Great blog post and good on you for opening this up for community discussion.

I have a couple of thoughts on these points:

Re 1., RStudio tab completion will always work with or without the prefix. It does a very good job of partial matching. The package that contains the match is shown. So the only added benefit of a prefix is discovery... But let's take sec to ask ourselves: Why is it that the tab completion box in RStudio is an important mode of function discovery for users? Is this something we should be encouraging?

My theory is that a combination of functional programming style and dated conventions around R's help are together to blame for this. Unless you want to open a clunky PDF file, most of the time there's no way to get to a higher level context with an overview of the function landscape. I think we can do much better than the tab completion box, and I would love to see a community discussion take off around making help better for discovery.

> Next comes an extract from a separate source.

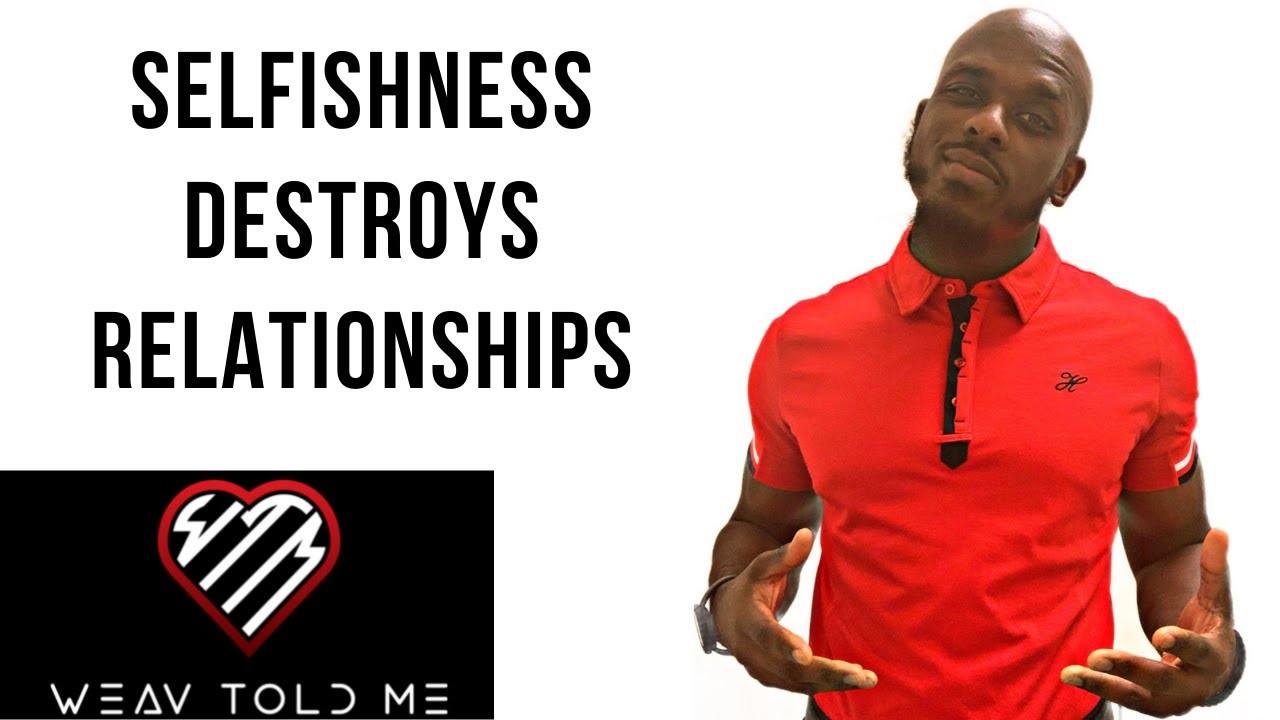 SELFISHNESS IN RELATIONSHIPS | Dealing With A Selfish Partner In A Marriage Or Relationship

Re 2., Yes, this is where I agree the prefix is quite important and will probably remain so. But what if you solved the namespace issue the old school way and went to an Object Oriented Programming style? Audible gasps are heard

I've become interested in this idea thanks to Winston Chang's UseR!2017 talk where he made a compelling case for using R6 and OOP to encapsulate the necessarily stateful operations required to use APIs. This is the exact case you mentioned as a flashpoint for namespace collisions. If I replace the first underscore in your function names with $ and now imagine I am looking at methods of an ex object, it still seems to hang together quite well. I don't know that this buys you that much in the end, but it maybe a solution to try if you end up at another impasse.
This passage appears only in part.